Nel gennaio 1988 il Tribunale di Palermo invia una comunicazione giudiziaria a Gaetano Badalamenti. Nel maggio del 1992 il Tribunale di Palermo decide l’archiviazione del “caso Impastato”, ribadendo la matrice mafiosa del delitto ma escludendo la possibilità di individuare i colpevoli e ipotizzando la possibile responsabilità dei mafiosi di Cinisi alleati dei “corleonesi”. Nel maggio del 1994 il Centro Impastato presenta un’istanza per la riapertura dell’inchiesta, accompagnata da una petizione popolare, chiedendo che venga interrogato sul delitto Impastato il nuovo collaboratore della giustizia Salvatore Palazzolo, affiliato alla mafia di Cinisi.

Nel marzo del 1996 la madre, il fratello e il Centro Impastato presentano un esposto in cui chiedono di indagare su episodi non chiariti, riguardanti in particolare il comportamento dei carabinieri subito dopo il delitto. Nel giugno del 1996, in seguito alle dichiarazioni di Salvatore Palazzolo, che indica in Badalamenti il mandante dell’omicidio assieme al suo vice Vito Palazzolo, l’inchiesta viene formalmente riaperta. Nel novembre del 1997 viene emesso un ordine di cattura per Badalamenti, incriminato come mandante del delitto. Il 10 marzo 1999 si svolge l’udienza preliminare del processo contro Vito Palazzolo, mentre la posizione di Badalamenti viene stralciata.

I familiari, il Centro Impastato, Rifondazione comunista, il Comune di Cinisi e l’Ordine dei Giornalisti chiedono di costituirsi parte civile e la loro richiesta viene accolta. Il 23 novembre 1999, Gaetano Badalamenti rinuncia alla udienza preliminare e chiede il giudizio immediato. Nell’udienza del 26 gennaio 2000 la difesa di Vito Palazzolo chiede che si proceda con il rito abbreviato, mentre il processo contro Gaetano Badalamenti si svolgerà con il rito normale e in video-conferenza. Nel 1998 presso la Commissione parlamentare antimafia si è costituito un Comitato sul caso Impastato e il 6 dicembre 2000 è stata approvata una relazione sulle responsabilità di rappresentanti delle istituzioni nel depistaggio delle indagini.
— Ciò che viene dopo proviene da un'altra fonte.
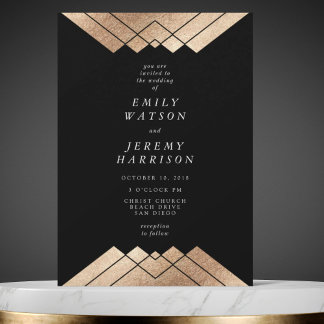 Faire-part de mariage géométrique Black Gold Gatsb
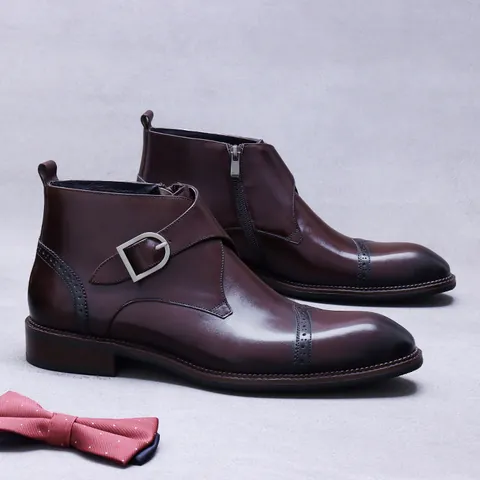 Men's First Layer Cowhide Genuine Leather Martin Boots British Brogue Carving Monk Strap Side Zipper Business Formal Dress Boots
Il 5 marzo 2001 la Corte d’Assise ha riconosciuto Vito Palazzolo colpevole e lo ha condannato a 30 anni di reclusione. L’11 aprile 2002 Gaetano Badalamenti è stato condannato all’ergastolo.

Detto questo, c’è poco altro da aggiungere, a parte ribadire che la mafia è una montagna di merda. Ragazzi, ricordatelo sempre quando nella vita sarete chiamati a fare una scelta tra onestà e disonestà!